### Your instructions
Below are entries; count the lines containing the string "Suzuki". The answer is that number alone.
[[ Input data open ]]
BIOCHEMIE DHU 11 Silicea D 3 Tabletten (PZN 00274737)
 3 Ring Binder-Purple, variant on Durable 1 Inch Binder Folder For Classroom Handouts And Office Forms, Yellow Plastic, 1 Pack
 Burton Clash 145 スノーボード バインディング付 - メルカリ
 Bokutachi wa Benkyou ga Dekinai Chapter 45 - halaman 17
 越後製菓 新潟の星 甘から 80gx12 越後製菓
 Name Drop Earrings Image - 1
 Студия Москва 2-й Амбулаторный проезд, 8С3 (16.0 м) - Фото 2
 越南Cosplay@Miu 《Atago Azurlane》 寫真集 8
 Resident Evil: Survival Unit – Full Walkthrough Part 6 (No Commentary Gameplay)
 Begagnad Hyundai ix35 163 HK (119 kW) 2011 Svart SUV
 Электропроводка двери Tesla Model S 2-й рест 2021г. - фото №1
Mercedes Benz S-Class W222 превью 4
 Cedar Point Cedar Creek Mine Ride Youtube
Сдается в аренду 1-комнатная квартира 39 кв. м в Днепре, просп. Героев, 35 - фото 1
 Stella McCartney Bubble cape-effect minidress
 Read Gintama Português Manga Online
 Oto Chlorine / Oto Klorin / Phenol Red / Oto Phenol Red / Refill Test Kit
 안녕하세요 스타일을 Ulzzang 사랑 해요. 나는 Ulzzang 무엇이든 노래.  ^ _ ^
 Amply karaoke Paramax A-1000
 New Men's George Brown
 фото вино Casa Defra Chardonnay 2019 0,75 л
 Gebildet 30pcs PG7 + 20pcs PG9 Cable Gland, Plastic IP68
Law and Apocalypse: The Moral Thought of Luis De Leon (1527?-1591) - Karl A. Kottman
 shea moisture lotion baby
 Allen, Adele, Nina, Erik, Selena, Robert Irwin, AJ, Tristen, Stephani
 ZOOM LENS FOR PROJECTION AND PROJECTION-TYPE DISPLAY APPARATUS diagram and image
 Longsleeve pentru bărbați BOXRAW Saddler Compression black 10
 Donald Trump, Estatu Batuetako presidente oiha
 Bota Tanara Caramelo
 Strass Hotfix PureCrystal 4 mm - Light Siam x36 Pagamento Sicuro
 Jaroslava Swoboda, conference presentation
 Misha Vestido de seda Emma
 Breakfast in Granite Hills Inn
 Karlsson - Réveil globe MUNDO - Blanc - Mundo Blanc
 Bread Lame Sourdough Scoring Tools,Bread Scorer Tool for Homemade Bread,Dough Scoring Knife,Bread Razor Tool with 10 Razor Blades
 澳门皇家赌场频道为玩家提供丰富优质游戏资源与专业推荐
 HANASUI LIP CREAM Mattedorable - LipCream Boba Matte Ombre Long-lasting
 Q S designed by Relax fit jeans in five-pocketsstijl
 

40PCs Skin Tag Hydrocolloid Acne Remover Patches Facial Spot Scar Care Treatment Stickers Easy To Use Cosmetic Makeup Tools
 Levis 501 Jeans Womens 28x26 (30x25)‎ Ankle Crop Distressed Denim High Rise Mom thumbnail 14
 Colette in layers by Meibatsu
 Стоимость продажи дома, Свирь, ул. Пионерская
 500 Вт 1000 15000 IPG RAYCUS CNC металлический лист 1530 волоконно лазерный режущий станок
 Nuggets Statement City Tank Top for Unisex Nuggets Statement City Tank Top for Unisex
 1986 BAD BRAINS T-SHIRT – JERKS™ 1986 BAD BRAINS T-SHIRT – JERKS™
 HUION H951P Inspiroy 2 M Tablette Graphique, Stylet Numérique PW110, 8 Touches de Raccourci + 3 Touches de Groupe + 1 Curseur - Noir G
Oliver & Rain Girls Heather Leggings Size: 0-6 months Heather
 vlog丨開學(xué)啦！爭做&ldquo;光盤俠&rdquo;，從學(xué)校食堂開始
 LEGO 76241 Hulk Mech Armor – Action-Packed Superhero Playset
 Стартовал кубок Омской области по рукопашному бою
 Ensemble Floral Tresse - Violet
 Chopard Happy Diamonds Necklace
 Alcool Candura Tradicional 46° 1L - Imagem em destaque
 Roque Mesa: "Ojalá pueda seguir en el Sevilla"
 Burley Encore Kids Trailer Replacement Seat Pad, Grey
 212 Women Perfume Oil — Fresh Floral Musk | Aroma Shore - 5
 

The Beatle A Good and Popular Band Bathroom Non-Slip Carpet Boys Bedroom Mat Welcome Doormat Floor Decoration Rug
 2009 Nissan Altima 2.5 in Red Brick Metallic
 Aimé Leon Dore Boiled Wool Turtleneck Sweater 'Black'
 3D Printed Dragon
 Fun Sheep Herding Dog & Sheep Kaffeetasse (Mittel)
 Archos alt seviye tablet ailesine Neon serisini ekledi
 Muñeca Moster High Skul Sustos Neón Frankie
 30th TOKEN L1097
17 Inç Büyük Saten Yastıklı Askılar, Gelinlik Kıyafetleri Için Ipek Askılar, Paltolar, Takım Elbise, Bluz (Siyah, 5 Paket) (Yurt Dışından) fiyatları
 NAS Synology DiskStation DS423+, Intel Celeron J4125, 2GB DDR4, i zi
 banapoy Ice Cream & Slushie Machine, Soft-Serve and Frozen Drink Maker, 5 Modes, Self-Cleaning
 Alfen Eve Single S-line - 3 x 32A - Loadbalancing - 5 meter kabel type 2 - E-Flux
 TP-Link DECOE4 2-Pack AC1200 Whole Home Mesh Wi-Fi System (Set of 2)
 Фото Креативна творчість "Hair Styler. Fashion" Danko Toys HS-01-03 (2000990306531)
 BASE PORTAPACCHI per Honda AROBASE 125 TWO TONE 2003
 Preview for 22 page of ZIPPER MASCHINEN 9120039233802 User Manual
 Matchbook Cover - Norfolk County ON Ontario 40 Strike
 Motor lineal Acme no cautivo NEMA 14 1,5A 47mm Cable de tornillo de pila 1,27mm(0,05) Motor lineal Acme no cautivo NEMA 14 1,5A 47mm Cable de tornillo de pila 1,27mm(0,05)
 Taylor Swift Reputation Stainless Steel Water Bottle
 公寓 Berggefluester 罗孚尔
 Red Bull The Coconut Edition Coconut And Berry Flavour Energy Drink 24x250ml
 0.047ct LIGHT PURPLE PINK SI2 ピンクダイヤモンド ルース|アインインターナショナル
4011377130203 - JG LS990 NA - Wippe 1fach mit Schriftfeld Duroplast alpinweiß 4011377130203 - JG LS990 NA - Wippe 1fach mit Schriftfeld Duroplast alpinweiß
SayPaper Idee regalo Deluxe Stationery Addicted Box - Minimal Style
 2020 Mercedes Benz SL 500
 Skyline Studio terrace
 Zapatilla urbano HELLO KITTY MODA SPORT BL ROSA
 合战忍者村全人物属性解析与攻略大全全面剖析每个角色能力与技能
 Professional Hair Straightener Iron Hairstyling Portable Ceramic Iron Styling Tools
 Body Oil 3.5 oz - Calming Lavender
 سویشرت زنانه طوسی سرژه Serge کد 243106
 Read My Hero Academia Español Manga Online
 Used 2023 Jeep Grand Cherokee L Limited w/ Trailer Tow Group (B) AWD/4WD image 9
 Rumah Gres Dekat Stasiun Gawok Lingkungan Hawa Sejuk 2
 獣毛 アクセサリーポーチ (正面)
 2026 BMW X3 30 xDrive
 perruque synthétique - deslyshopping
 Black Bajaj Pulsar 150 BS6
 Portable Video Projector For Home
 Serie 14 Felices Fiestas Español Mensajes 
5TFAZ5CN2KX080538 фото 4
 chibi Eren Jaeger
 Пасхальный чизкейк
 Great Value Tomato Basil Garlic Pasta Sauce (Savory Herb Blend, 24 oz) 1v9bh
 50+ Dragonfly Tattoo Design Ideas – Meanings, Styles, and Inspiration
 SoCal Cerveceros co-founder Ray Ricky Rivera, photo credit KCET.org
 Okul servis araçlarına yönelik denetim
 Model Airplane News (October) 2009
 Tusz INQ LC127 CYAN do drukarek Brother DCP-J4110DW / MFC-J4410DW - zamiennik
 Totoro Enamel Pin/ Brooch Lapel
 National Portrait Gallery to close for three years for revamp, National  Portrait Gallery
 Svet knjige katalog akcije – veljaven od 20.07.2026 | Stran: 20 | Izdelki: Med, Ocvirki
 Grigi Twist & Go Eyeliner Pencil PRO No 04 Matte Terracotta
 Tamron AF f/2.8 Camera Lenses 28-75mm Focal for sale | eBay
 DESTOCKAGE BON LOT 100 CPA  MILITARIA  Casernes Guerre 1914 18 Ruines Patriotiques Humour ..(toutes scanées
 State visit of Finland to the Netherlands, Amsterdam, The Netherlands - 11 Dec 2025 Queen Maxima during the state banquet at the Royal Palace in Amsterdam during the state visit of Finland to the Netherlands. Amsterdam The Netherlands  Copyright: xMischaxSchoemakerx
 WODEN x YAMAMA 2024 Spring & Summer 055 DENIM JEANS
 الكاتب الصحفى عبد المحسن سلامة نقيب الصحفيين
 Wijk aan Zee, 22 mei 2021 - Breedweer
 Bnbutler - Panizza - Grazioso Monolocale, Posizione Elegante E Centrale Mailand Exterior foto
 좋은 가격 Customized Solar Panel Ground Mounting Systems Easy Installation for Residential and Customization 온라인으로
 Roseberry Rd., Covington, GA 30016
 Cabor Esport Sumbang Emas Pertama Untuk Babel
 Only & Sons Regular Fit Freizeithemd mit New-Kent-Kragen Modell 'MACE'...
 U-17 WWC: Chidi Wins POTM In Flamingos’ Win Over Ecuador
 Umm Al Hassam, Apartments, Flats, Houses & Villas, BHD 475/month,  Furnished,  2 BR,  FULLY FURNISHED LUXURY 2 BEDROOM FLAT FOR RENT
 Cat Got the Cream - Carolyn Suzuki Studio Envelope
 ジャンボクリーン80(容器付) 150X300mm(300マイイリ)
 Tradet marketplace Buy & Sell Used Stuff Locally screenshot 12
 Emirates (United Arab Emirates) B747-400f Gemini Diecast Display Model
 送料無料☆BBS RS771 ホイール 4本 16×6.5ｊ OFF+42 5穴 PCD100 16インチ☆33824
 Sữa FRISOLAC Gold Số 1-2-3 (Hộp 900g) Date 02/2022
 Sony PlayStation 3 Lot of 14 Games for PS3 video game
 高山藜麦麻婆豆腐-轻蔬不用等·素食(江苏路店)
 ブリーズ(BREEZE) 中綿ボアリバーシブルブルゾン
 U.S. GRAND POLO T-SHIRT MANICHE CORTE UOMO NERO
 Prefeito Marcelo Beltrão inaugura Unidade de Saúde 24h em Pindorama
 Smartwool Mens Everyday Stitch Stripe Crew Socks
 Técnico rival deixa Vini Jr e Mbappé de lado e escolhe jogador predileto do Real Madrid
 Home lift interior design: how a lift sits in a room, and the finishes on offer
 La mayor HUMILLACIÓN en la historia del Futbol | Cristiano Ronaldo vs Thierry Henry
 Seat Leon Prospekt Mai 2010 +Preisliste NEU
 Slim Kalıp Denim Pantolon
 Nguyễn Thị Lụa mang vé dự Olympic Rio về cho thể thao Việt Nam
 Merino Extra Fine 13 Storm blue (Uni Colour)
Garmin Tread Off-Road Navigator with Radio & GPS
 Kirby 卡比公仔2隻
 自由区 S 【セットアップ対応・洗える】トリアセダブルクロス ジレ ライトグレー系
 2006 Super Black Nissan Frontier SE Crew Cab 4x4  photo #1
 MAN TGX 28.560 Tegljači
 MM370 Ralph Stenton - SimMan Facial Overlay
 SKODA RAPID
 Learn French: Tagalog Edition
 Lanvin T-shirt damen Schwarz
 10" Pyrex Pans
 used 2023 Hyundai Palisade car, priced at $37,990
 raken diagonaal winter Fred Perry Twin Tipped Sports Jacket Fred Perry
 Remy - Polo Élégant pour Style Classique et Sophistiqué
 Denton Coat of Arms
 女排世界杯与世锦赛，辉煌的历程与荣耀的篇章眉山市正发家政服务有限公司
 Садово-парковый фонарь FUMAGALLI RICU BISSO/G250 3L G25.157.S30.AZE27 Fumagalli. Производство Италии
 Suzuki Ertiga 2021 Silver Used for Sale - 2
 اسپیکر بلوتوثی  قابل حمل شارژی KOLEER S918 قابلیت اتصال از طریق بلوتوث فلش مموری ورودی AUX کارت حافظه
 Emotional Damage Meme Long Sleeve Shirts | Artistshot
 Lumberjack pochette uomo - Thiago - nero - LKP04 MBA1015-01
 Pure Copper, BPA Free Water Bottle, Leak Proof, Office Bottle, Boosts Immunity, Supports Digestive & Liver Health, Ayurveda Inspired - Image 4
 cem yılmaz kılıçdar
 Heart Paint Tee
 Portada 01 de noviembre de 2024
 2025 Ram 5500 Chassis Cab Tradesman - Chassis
[[ Input data closed ]]
### Answer section
2